(Beginning of The input)

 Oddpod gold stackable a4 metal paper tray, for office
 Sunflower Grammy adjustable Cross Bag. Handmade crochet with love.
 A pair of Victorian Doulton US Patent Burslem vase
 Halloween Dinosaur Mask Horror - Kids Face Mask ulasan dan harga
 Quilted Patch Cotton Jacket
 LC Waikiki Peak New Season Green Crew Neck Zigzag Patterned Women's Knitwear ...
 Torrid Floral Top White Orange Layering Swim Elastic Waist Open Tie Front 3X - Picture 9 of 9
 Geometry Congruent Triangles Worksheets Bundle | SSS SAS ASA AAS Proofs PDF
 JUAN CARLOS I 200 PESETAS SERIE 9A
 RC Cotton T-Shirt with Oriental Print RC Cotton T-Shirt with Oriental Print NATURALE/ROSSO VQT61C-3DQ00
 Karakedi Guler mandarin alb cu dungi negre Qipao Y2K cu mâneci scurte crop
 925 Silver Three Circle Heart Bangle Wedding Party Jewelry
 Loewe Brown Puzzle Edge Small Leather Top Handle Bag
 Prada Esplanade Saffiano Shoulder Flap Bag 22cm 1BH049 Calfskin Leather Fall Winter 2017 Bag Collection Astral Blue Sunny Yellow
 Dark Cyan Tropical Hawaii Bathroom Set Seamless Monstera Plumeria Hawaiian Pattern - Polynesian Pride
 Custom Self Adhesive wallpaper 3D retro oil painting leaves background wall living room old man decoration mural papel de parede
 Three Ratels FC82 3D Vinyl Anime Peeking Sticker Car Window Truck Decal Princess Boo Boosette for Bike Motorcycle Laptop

(End of The input)

— Exercise instructions —
Scan the material above for "Cotton". Copy every line where it appears.

— Answer section —
 Quilted Patch Cotton Jacket
 RC Cotton T-Shirt with Oriental Print RC Cotton T-Shirt with Oriental Print NATURALE/ROSSO VQT61C-3DQ00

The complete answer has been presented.